I think the non-business-first aspect allows me the freedom to just release what I like. I’m pretty consistent. It’s unlikely that you would like 2 or 3 of my artists and absolutely HATE any of the others. They may not all be your bag, but you can probably find something enjoyable about them.
There is a pretty strong family tree running through my releases. I generally find new bands through old bands that I’ve worked with; whether it is through their side projects or bands that they have played with and love and turn me onto. The main trunk of the weirdo oak that is PIAPTK is Golden Boots. They are one of my favorite, oldest and most prolific artists, and their circle of friends has been extremely fruitful (to carry the analogy one step further than necessary) for PIAPTK. They have great taste and they help me come across some really great bands doing amazing things in a vacuum.
I always trust the bands I work with to do what they want. Occasionally I’ve gotten some music that I wasn’t initially super stoked on, but it’s been rare, and a lot of time it has grown on me in a big way. I only work with bands that I really respect, and they have full creative control to submit whatever they want, and if they are completely behind the music, then I will be too. I don’t want to reshape people’s music into anything that’s not exactly what they intended it to be. I just want to collaborate with them to dress it up in weird clothing that complements it’s freakiness.

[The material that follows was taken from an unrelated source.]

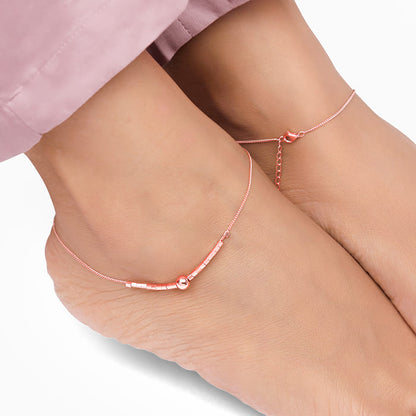 Rose Gold A La Mode Anklet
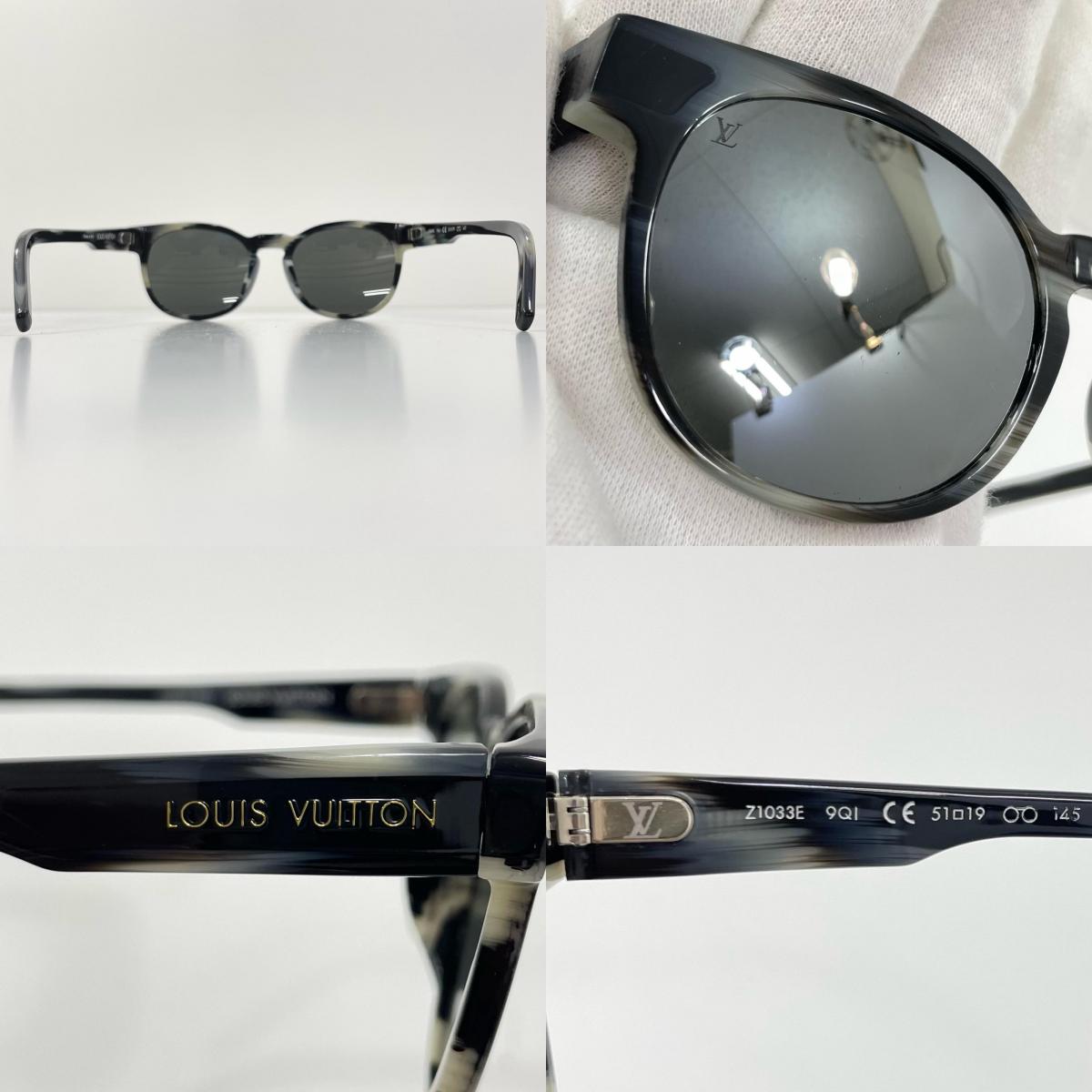 【中古】LOUIS VUITTON | ルイ・ヴィトン パームツリー アセテート ミラーレンズ サングラス Z1033E ブラック【尾張小牧店】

What keeps you motivated to keep the label alive?
I keep the label alive because I can't kill it. It's a total money drain. PIAPTK as a business owes me, as the sole investor, over $100,000 from the last ten years losses. I constantly tell myself "I'm done" and I mean it. But then, I see a new band I love, or make contact with an artist that I've always been influenced by and hear myself say "I have this label that does weird stuff, want to do something together?" I will probably always do it. It's a compulsion, an addiction. One of those things that you know is bad for you, but you can't stop yourself from doing. It's my main creative outlet and I haven't found anything that gives me the sense of satisfaction and accomplishment that I get when I unleash some weird new artifact from a band I love onto the world, whether anyone cares or not. Fuck 'em if they can't take a joke.
It's an expensive "hobby", but it beats golf.